What to do: Return the lines of the material below exactly, beginning with the line that has "코디악캔버스 Kodiak Canvas" in it and finishing with the line that has "c'è anche l'Arsenal" in it. Leave all pictures aside.

Data extract:
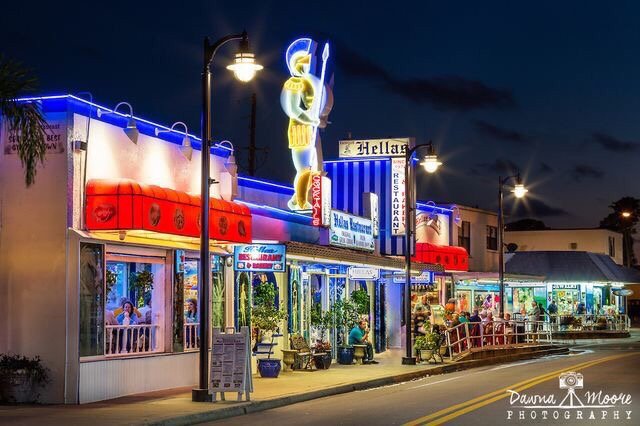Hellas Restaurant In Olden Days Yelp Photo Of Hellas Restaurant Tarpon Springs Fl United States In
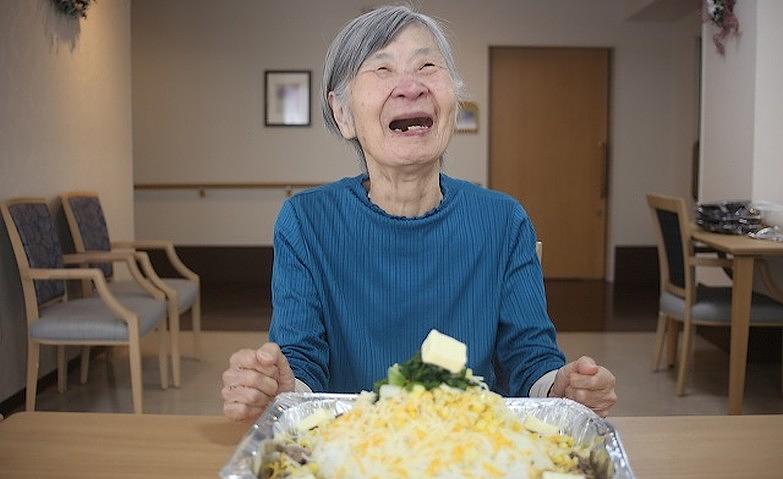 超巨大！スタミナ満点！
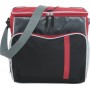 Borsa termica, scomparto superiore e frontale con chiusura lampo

==

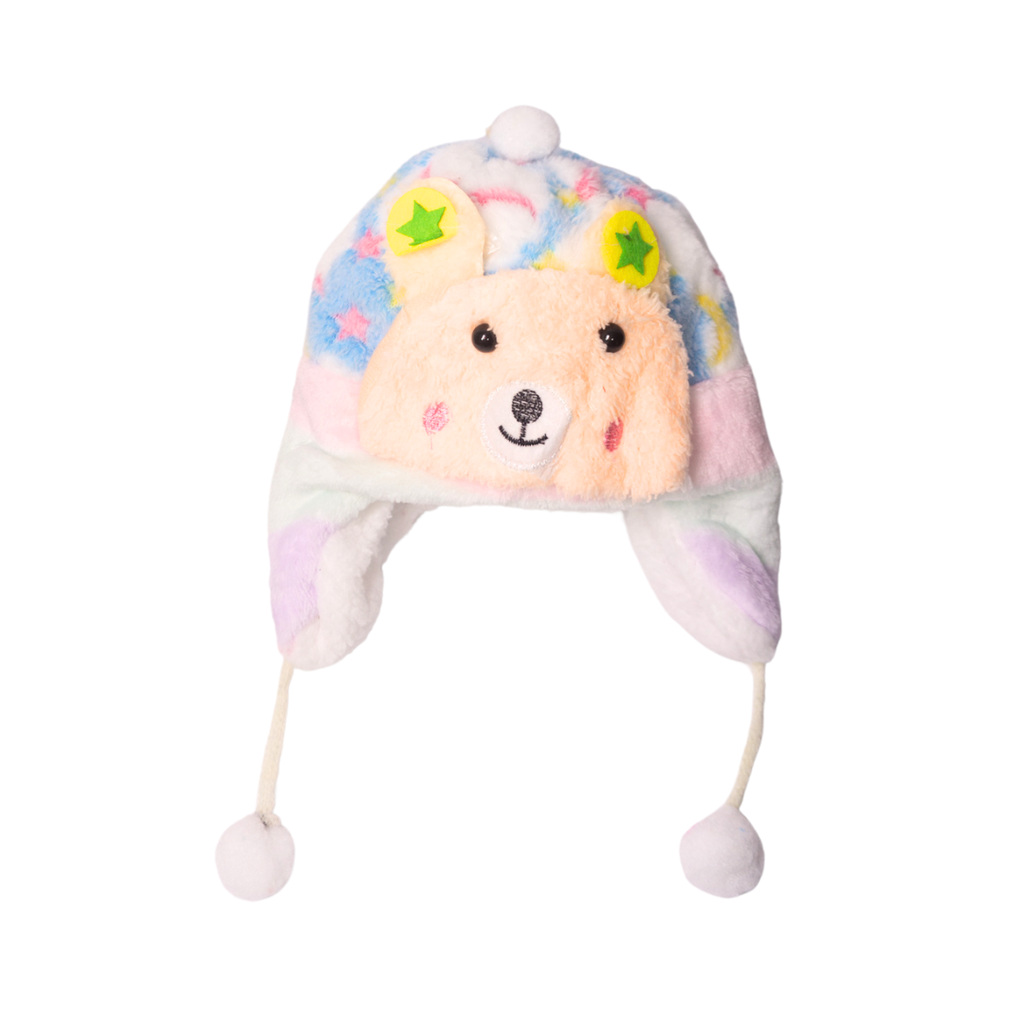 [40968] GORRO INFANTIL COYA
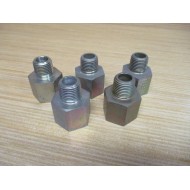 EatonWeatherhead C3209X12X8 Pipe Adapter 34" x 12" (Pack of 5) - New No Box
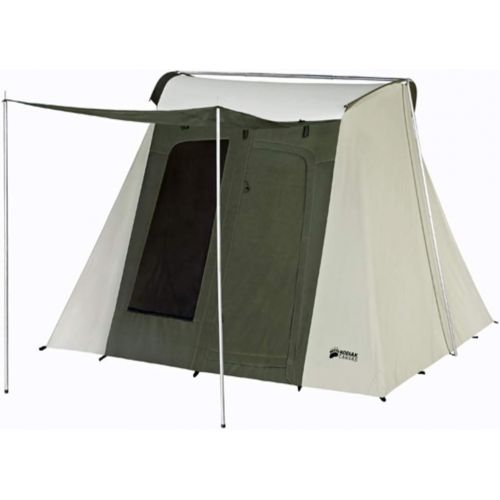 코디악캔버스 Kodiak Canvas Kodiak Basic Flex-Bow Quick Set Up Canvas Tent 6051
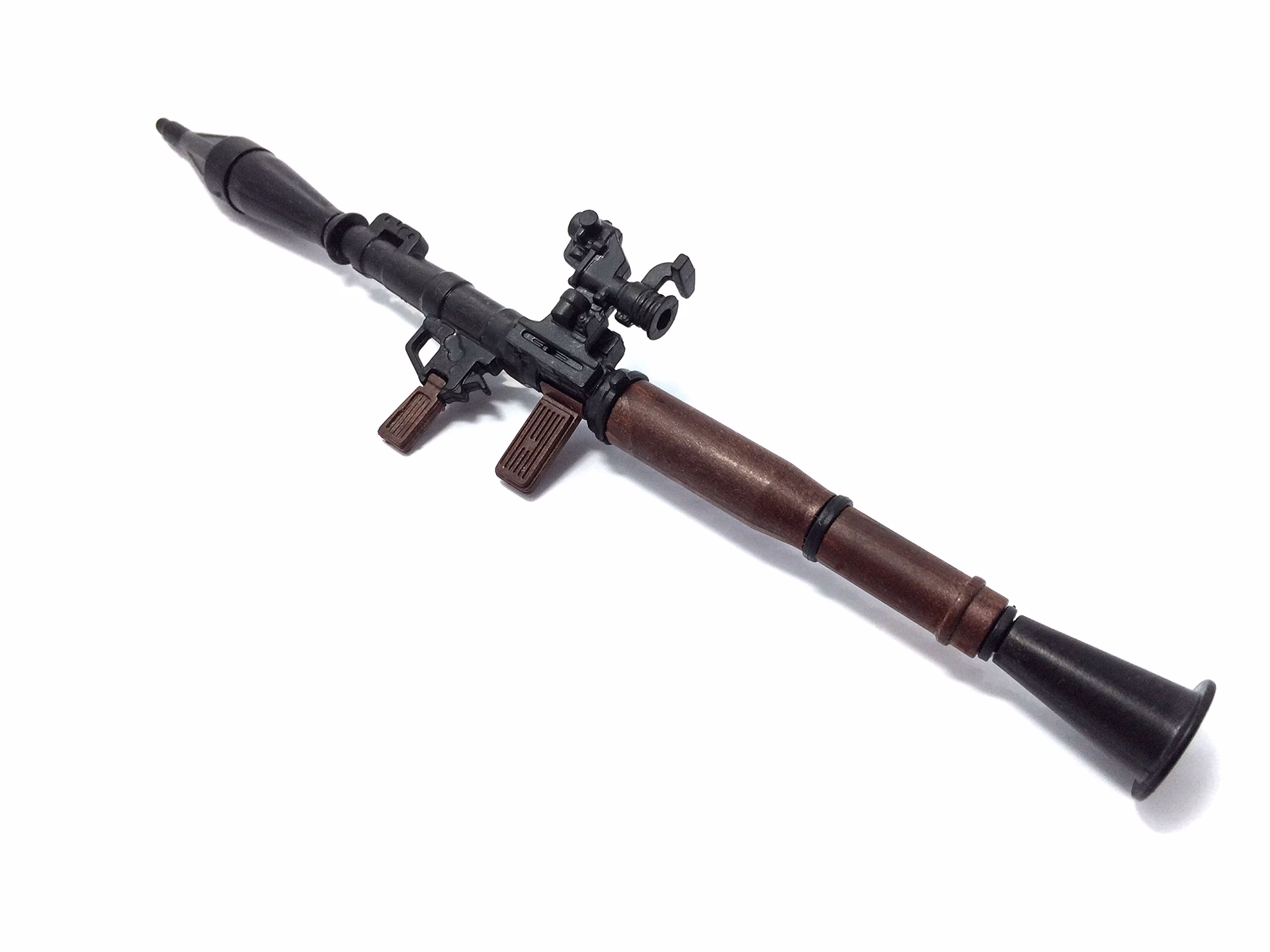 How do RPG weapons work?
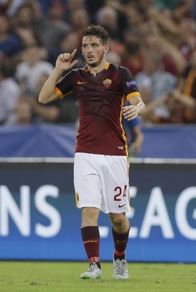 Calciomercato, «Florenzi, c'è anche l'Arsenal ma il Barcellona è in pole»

--

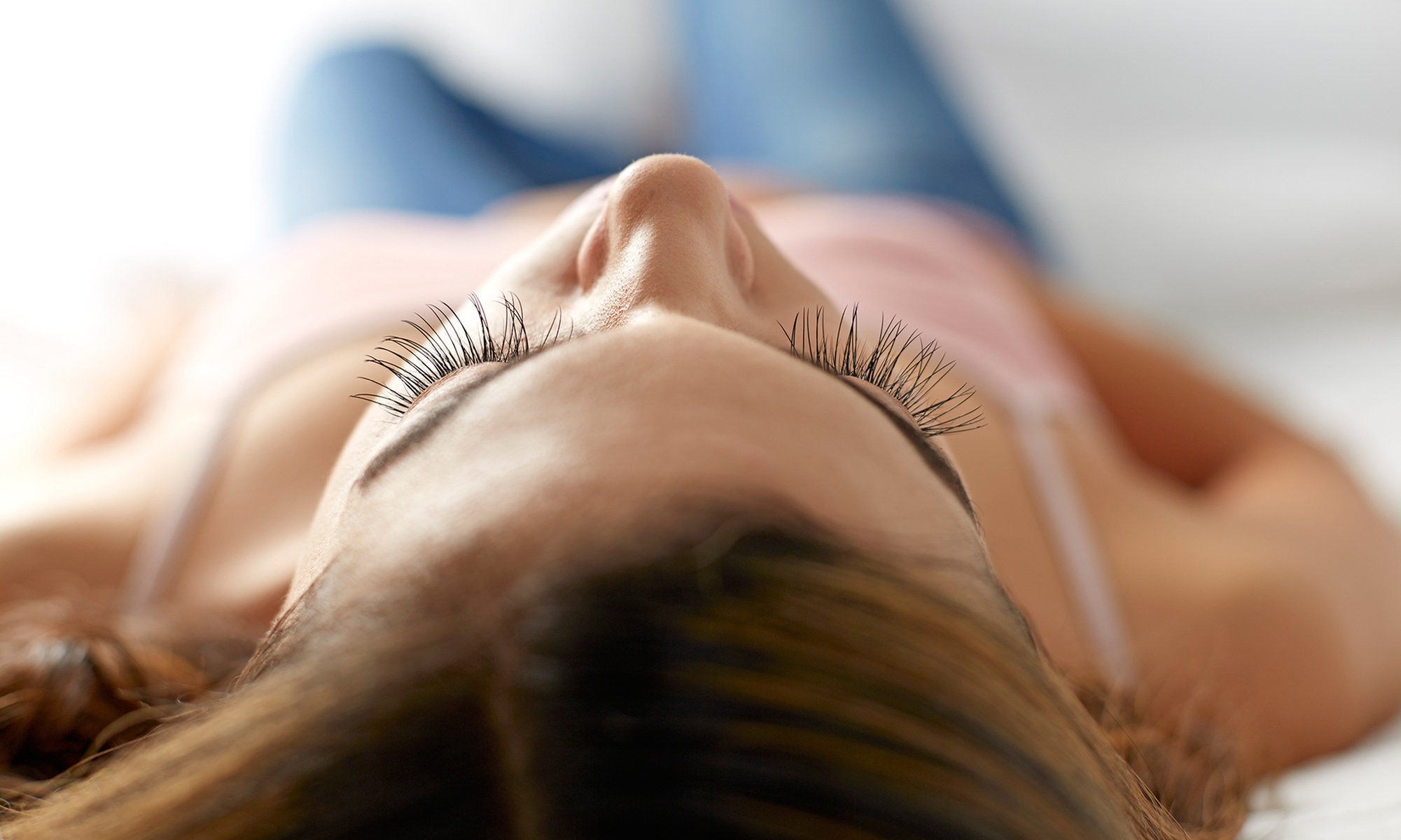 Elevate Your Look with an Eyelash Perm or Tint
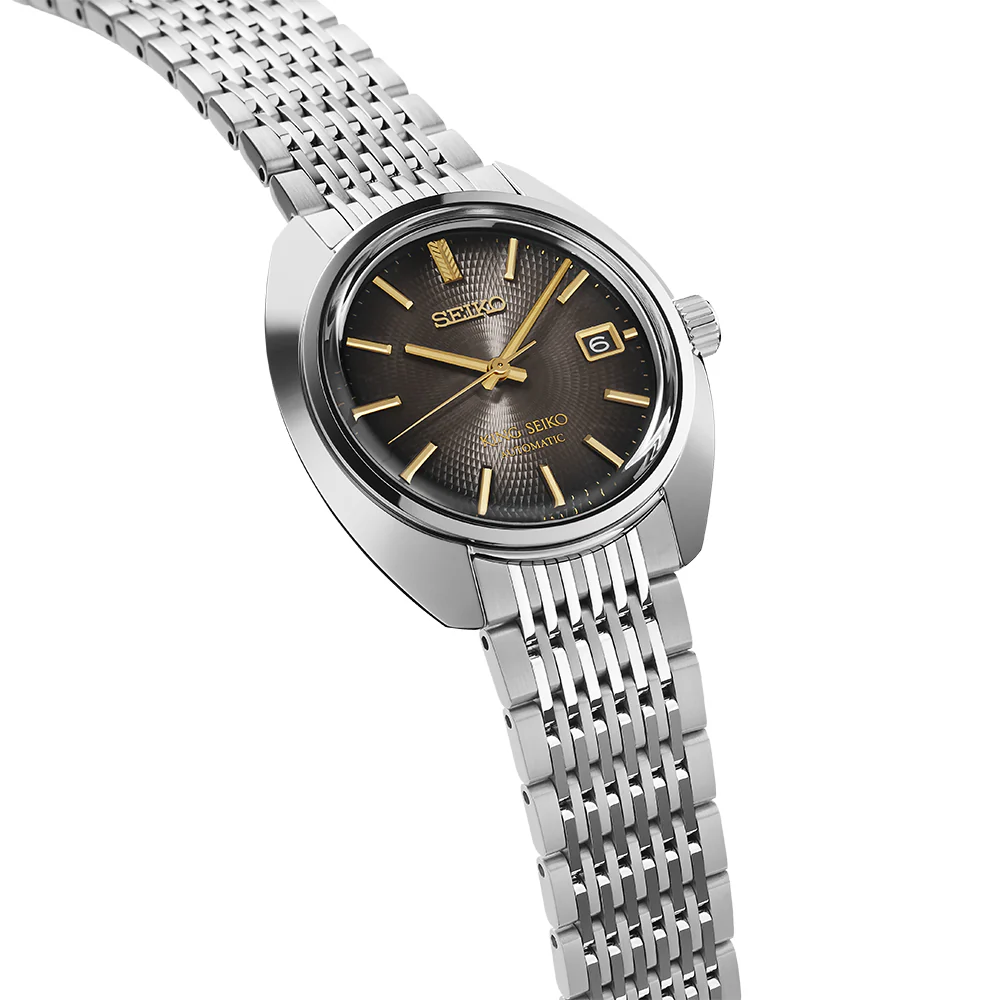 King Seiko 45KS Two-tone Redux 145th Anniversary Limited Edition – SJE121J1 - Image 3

Task output:
 코디악캔버스 Kodiak Canvas Kodiak Basic Flex-Bow Quick Set Up Canvas Tent 6051
 How do RPG weapons work?
 Calciomercato, «Florenzi, c'è anche l'Arsenal ma il Barcellona è in pole»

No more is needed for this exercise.